Сделай Сам Свою Работу на 5

Что значит разноценностъ формы и содержания?





Когда говорят, что форма нравится, а содержание — нет (или наоборот), речь идет, очевидно, совсем не о том чудесном взаимодействии между формой и содержанием, которое одно и создает художественное произведение. Речь

идет, очевидно, о двух разных содержаниях, о двух разных эмбрионах. А значит, о двух разных созданиях, которые попытались слить в одно — сплавить дерево и железо, несплавляемые материалы.

Причем одно из них, очевидно, более зрелое и готовое, другое — только намечающееся, не ясное, туманное и. может быть, еще путаное. Поэтому кажется хуже и слабее.

Возьми его сильный художник, оно окажется сильным и неотразимым.

«Фауст» Гёте. Содержание прекрасное (по крайней мере на ближайшие тысячу лет, после чего, возможно, будет казаться примитивным), а форма, по правде говоря, скучная.

Значит, нет чудесного взаимодействия между формой и содержанием? Значит, нет. Значит, «Фауст» не художественное произведение? Значит, не художественное.

Это философский трактат в более или менее беллетристической форме, только и всего (с отдельными удачными по форме сценами), вроде книги Станиславского.



Рядом с этим «Война и мир»: разве мало там философских мыслей огромного масштаба? А где скука? Мысли «входят в тебя» так, что и не замечаешь, как они овладели тобой, как ты меняешь свой взгляд на жизнь, на

смерть, на добро и зло.

Отброшенное

(Сюда взять из «Эмбриона» о режиссере с постановочной фантазией).

Говорят: форма мне нравится, а содержание нет. Или: содержание хорошее, только форма слаба. И то и другое значит, что содержание никуда не годится.

Но так ли это до конца? «Блоху»27 можно ставить и просто реально, и лубком — форма разная, а содержание?

Ямб, хорей, амфибрахий — форма, проза — форма.

Конечно, все оттенки содержания будут иные, настолько иные, что, в конце концов, может, останется общим — только идея.

Представьте себе хорошую классическую пьесу, для исполнения которой нужны сильные, взрослые, отборные актеры. Пьеса хороша сама по себе, ее надо только хорошо играть.

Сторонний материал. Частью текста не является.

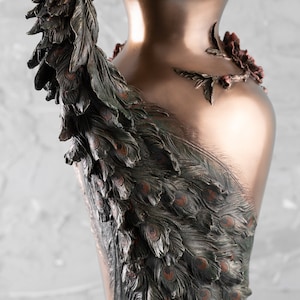 Puede incluir: Un jarr&oacute;n de color bronce con un dise&ntilde;o de pavo real. El jarr&oacute;n est&aacute; decorado con detalles intrincados, incluyendo plumas y un motivo floral.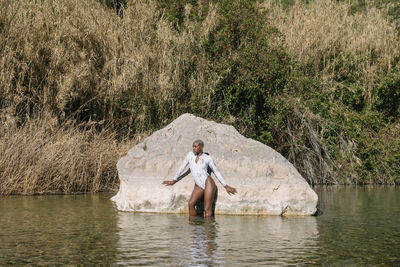 Self assured stylish female with short hair wearing trendy swimsuit standing near rock in rippling water in sunny weather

Но играть некому: у режиссера одна неопытная молодежь. И вот пьеса из «взрослой» превращается в «молодежную». Содержание делается, в сущности, совсем другим, но фабула, тема и идея все-таки остаются настолько близкими к основной пьесе, что ни у кого не возникает мысли, что играется не эта пьеса, а другая. На самом-то деле — другая.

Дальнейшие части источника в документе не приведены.